Reproduce the listing below exactly, beginning with its first line and ending with the line that holds "Miniatura 13 de"; pictures are not part of the copy.

= Beginning of Section =

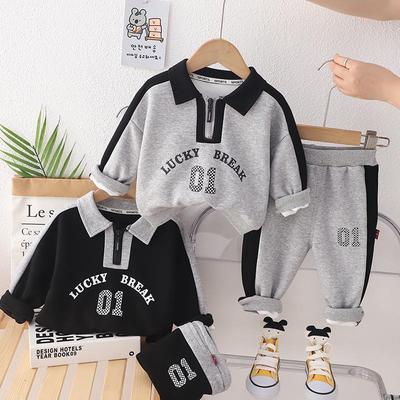 Jungen 2023 Herbst Sportanzug: Langärmliger Revers-Pullover & Hose Zweiteiler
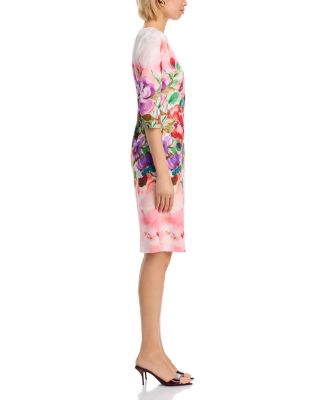 Scuba Floral Three Quarter Sleeve Dress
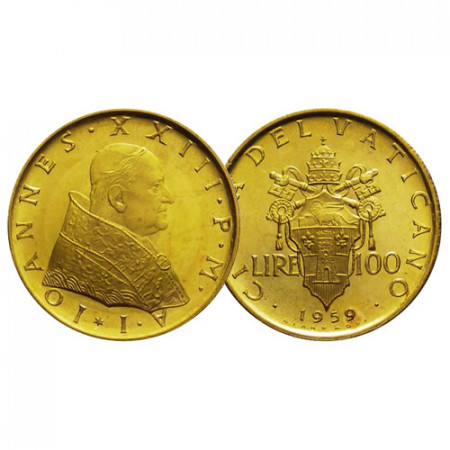 1959 * 100 Lire Oro Vaticano Giovanni XXIII "Stemma" FDC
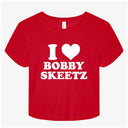 I Love Custom Crop Baby Tee – Personalized Cute Crop Top - Collect Warm Hearts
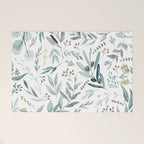 Botanical Eucalyptus Leaves Pattern Welcome Mat Gallery Image 1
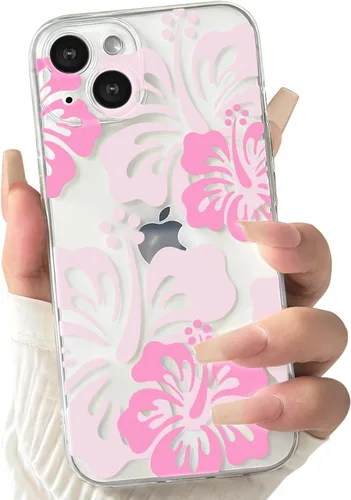 Miniatura 13 de Lovmooful Funda compatible con iPhone 14, bonito diseño transparente de flores de hibisco con estampado floral para niñas y mujeres, TPU suave a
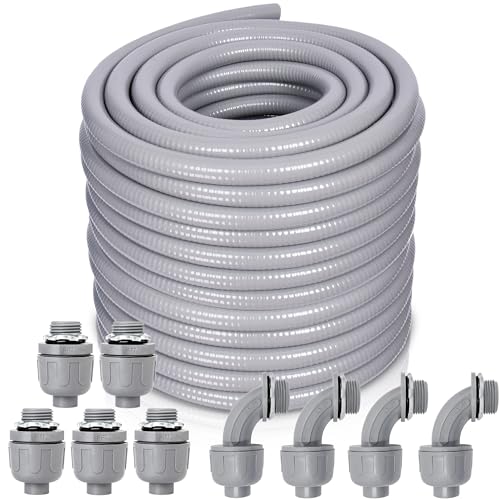 1 Inch 100 FT Non Metallic Liquid-Tight Conduit and Connector Kit - Includes 5 Straight and 4 Angle Fittings for Electrical Wiring - size: 1 Inch 100 Ft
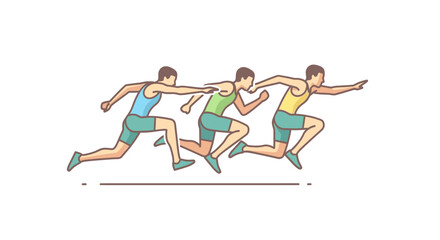 Obraz premium Relay race runners sprinting in athletic competition vector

= End of Section =

- Result of the task -
 Jungen 2023 Herbst Sportanzug: Langärmliger Revers-Pullover & Hose Zweiteiler
 Scuba Floral Three Quarter Sleeve Dress
 1959 * 100 Lire Oro Vaticano Giovanni XXIII "Stemma" FDC
 I Love Custom Crop Baby Tee – Personalized Cute Crop Top - Collect Warm Hearts
 Botanical Eucalyptus Leaves Pattern Welcome Mat Gallery Image 1
 Miniatura 13 de Lovmooful Funda compatible con iPhone 14, bonito diseño transparente de flores de hibisco con estampado floral para niñas y mujeres, TPU suave a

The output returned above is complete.